Nothing loads - which has me wondering what I’ve missed.

ADDENDUM: Tried adding labels (Spacy NER) same result - error loading Prodigy on localhost. The JSONL file is 23MB. Is this a possible issue?

Thoughts? Slings? Arrows? Outrageous fortunes?

Best,

B

Hi! If I read this correctly, the problem might be that your file is actually JSON and not JSONL (newline-delimited JSON)? If you load in JSONL, the data is expected to have one JSON object on each line. So internally, all the loader really does is read in the file line-by-line and call json.loads() on each line. This fails for your file, because the first line is [, the second line is { and so on.

So if you just rename your file to .json, it should work as expected, because the file will then be parsed as a whole. For large files, this is going to be slow-ish, so you might still prefer to convert it to JSONL. You can write your own little script (it’s really as straightforward as writing json.dumps(obj) + '\n' to each line) or use Prodigy’s built-in helper:

prodigy.util.write_jsonl('/path/to/file.jsonl', list_of_dicts)

Btw, another small thing I noticed when looking at your sample data: Prodigy expects the text to be available as the key "text" – otherwise, it won’t know which entry to load from your data. So you probably want to rename one of "Title", "Snippet" etc. to "text".

You can also add an entry "meta", a dictionary of key/value pairs that will be shown in the bottom right corner of the annotation card. For example, {"meta": {"link": "http://www.valleyscw.com/..."}}.

2 Likes

Hi! I’ll sit down and make the changes and see what happens!

Thanks!

Well look at that! Worked like a charm!

This, this is great!

B

1 Like

Pardon my resurrecting this "dead horse," but I am unable to use ner.manual with my JSONL patterns file (value of the --patterns argument). Prodigy's error message:

✘ Failed to load task (invalid JSON on line 1)
This error pretty much always means that there's something wrong with this line
of JSON and Python can't load it. Even if you think it's correct, something must
confuse it. Try calling json.loads(line) on each line or use a JSON linter.

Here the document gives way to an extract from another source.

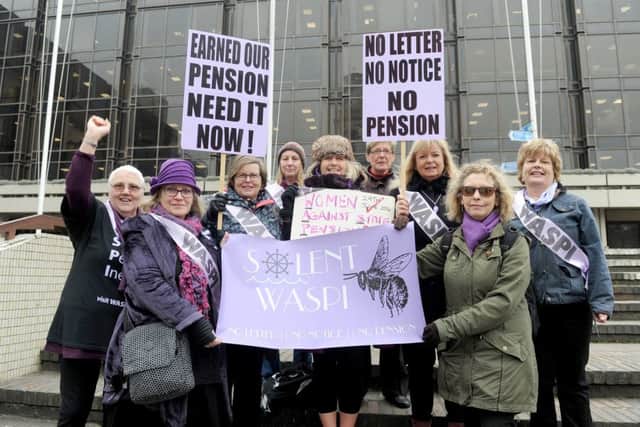 14/2/2017 (EP)A protest took place in Portsmouth on Valentine's Day against Â£9m cuts being proposed by Portsmouth City Council.The three council trade unions, Unison, Unite and GMB are working together to oppose the budget cuts.Pictured is: Solent Waspi were also at the protest. Picture: Sarah Standing (170257-6899) PPP-170214-150253001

The Prodigy error message is consistent with your helpful comments above. The JSONL file is my own creation, each line a valid JSON object. So with a Python script (attached) I have attempted to replicate what I think Prodigy does internally with my JSONL patterns file: consume a JSONL, then transform it to to JSON.

.

Everything in this "round-trip" bench test appears to work. So I'm clearly still missing something and will appreciate your kind advice.

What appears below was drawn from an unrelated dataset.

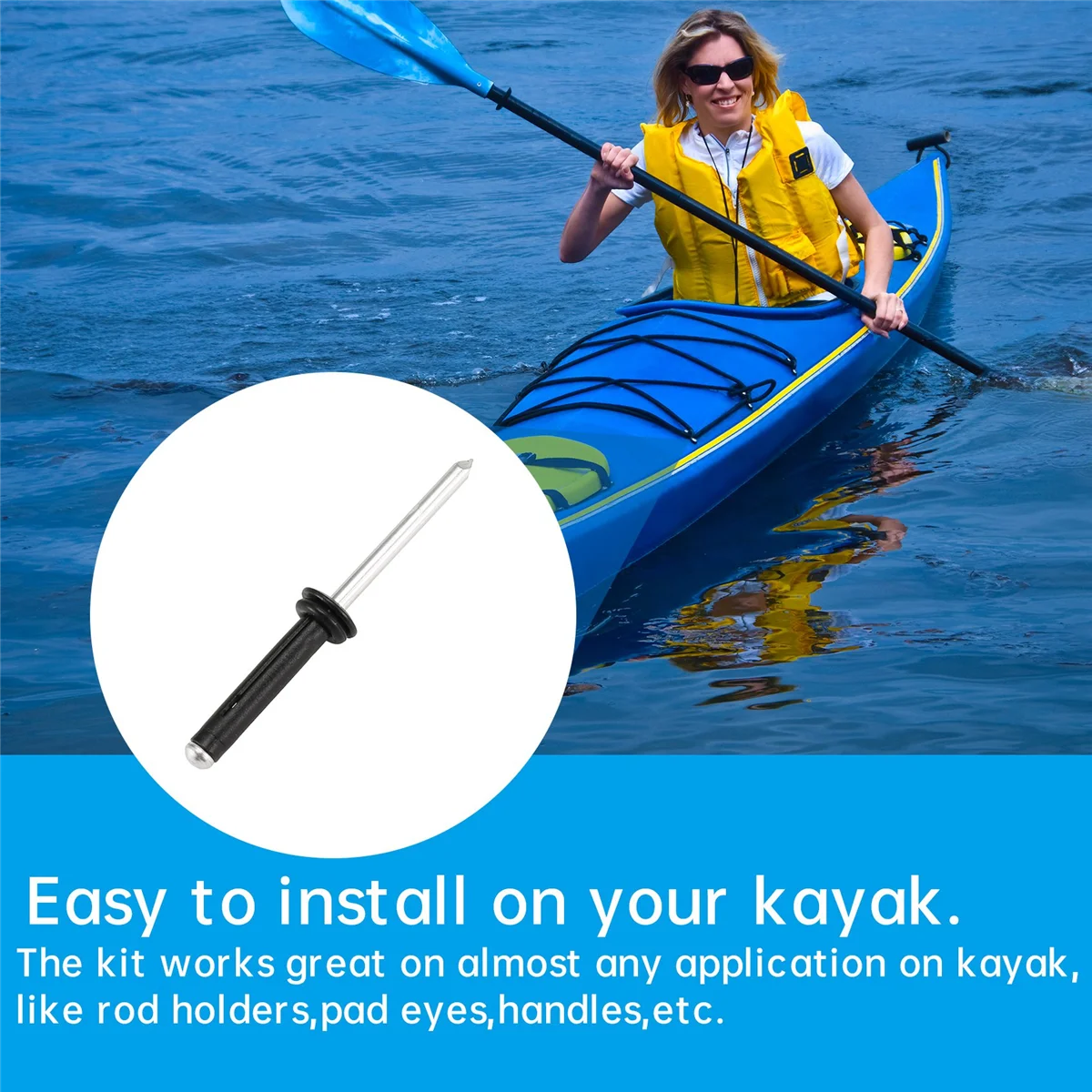 【Ultimo lancio!】20 pezzi in alluminio per kayak canoa Tri-Grip O Rings Tri-Fold Rivetti Montaggio Tri Rivet Kayak canoa e accessori per barche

Installations: Python (3.8.6), spaCy (2.3.4) and Prodigy (1.10.5)

Hi! Based on the error message, it seems like this is occuring when Prodigy is trying to load your input data, not the patterns file. So it looks like your patterns are fine (and your code snippet is indeed what Prodigy is doing under the hood :slightly_smiling_face:) but something in the first line of your input file doesn't parse correctly as JSON. Can you double-check that and see if it passes your manual json.loads test?

Thank you Ines once again for kindly supporting me, even with basic (dumb!) errors.

The INPUT (source) file should be also a .jsonl (for sensible chunking). but I violated basic JSONL. Both of the enclosing braces ("{" and "}") were on separate lines, clearly NOT conforming JSONL.